Reproduce without any pictures the lines from the one that contains "Campaña de vendimia en La Rioja" through the end of the records, exactly as written.

SUPPLIED DATA below:

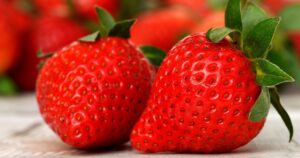 Top strawberry exporters: Mexico displaces Spain from the lead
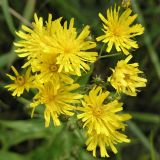 Hieracium umbellatum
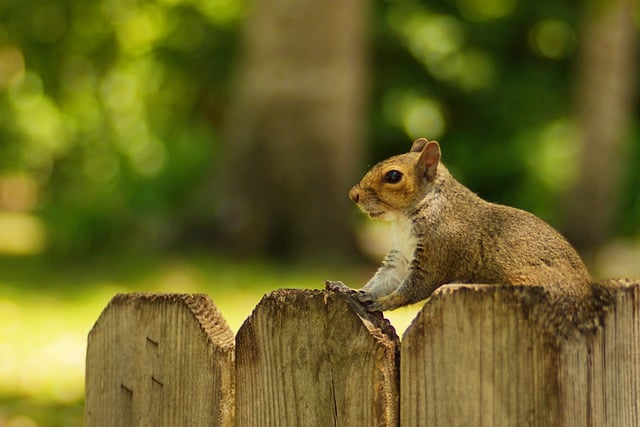 Free download squirrel rodent animal park free picture to be edited with GIMP free online image editor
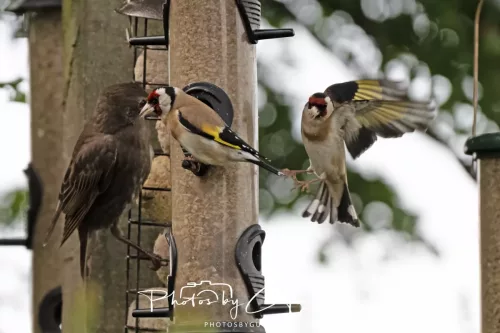 6 June 2025 - Parkside, West Cumbria -Goldfinch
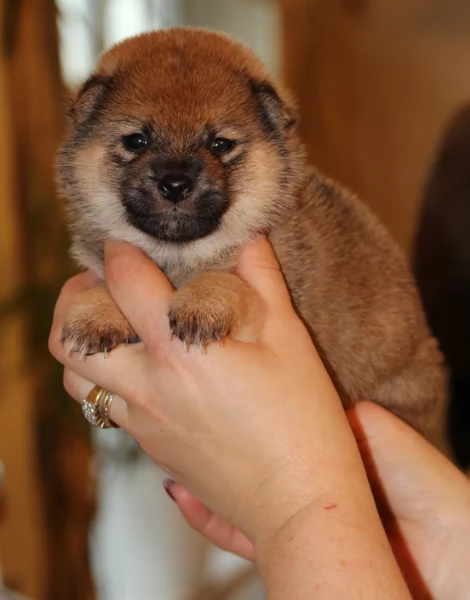 cuccioli di shiba Inu per adozione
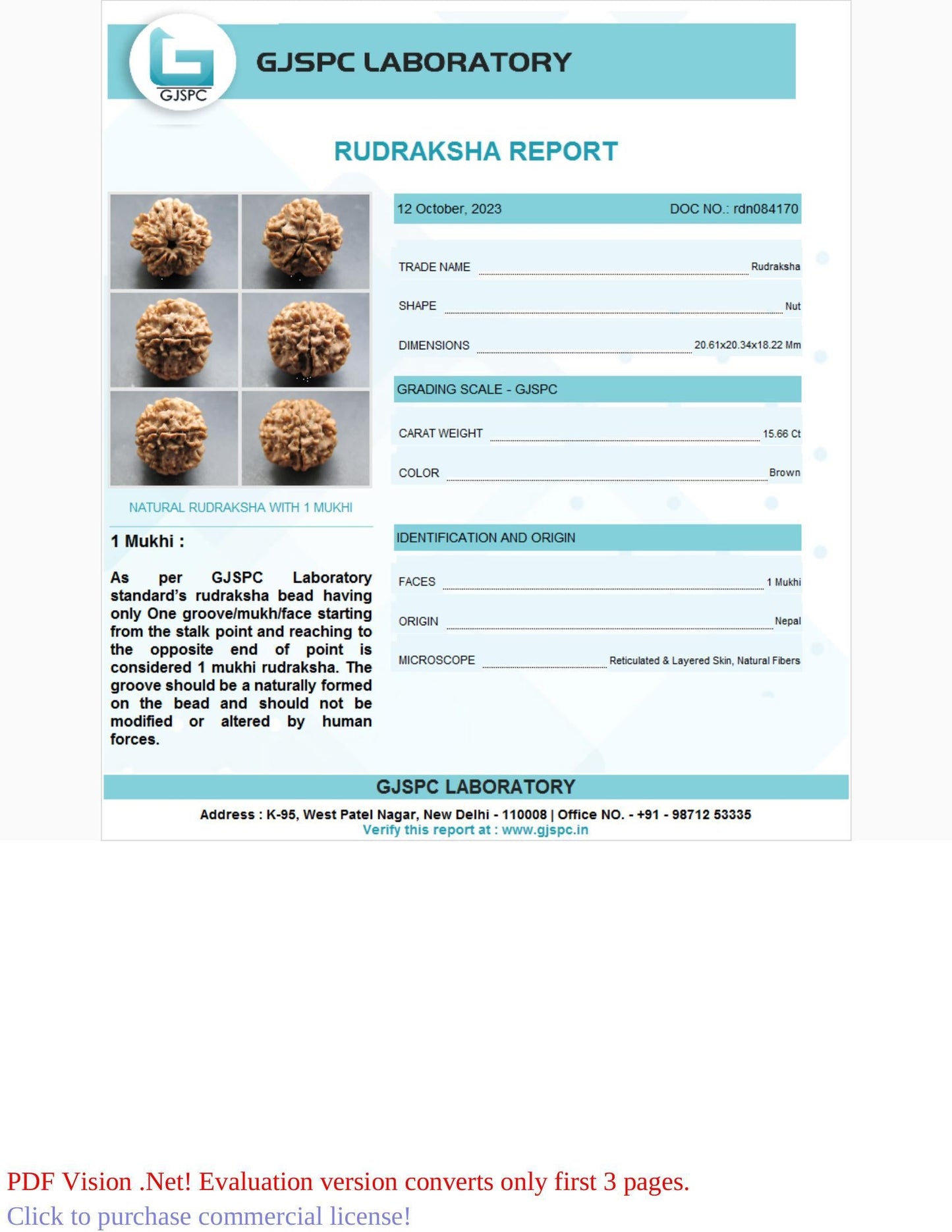 1 Mukhi Rudraksha Certificate: RDN084170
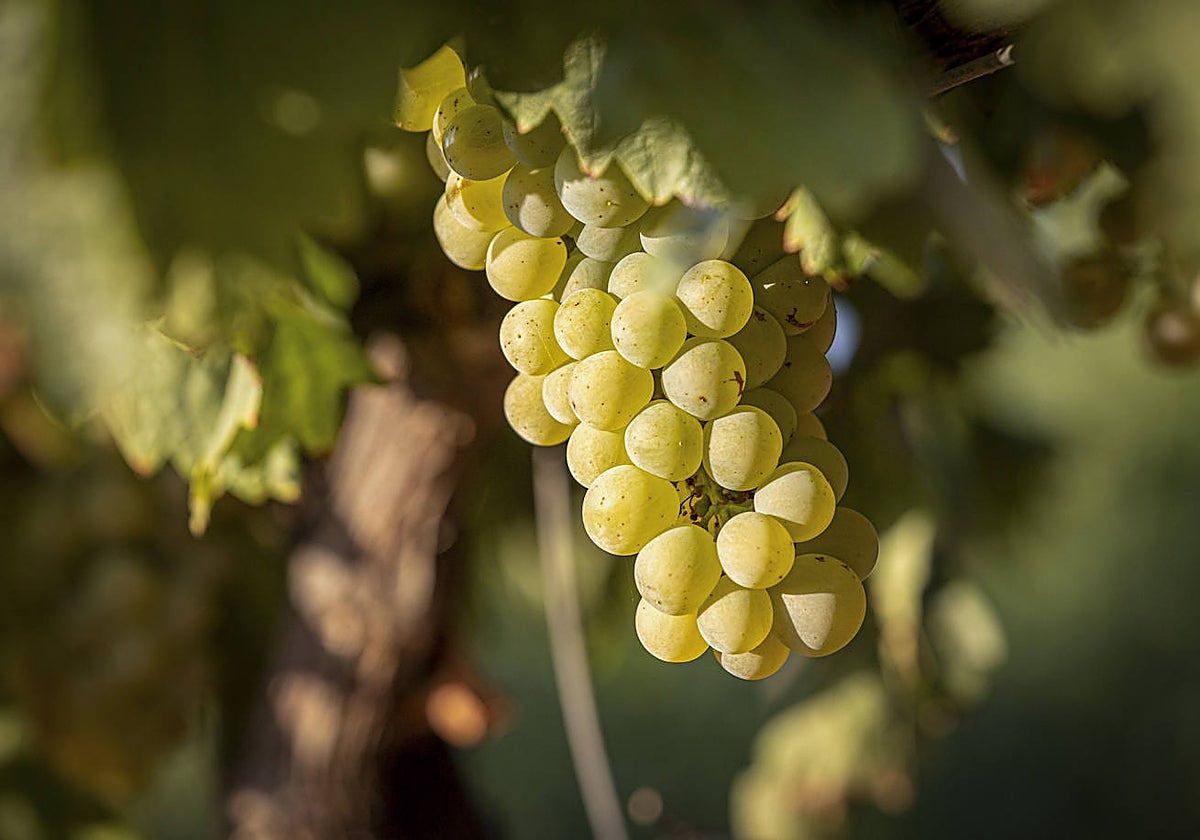 Campaña de vendimia en La Rioja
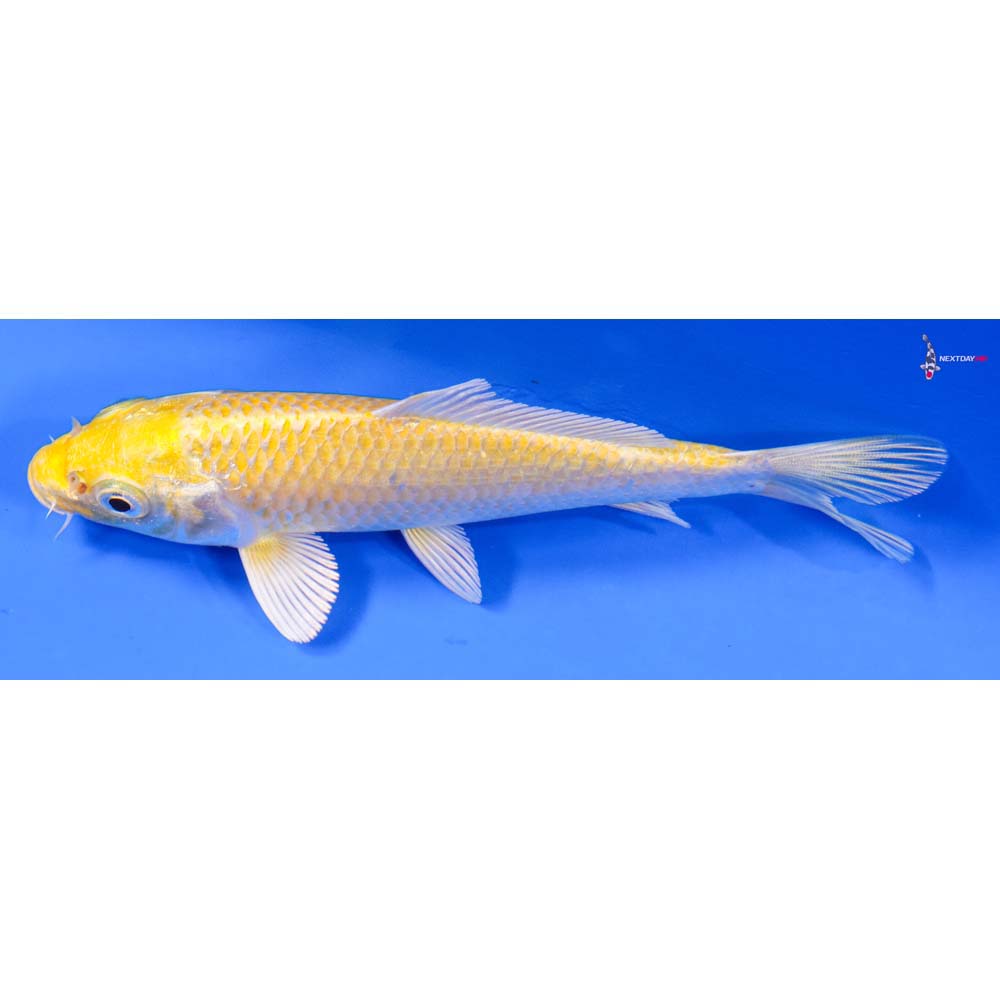 5.5” Imported Lemon Hariwake - Image 4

End of SUPPLIED DATA.

YOUR SOLUTION =
 Campaña de vendimia en La Rioja
 5.5” Imported Lemon Hariwake - Image 4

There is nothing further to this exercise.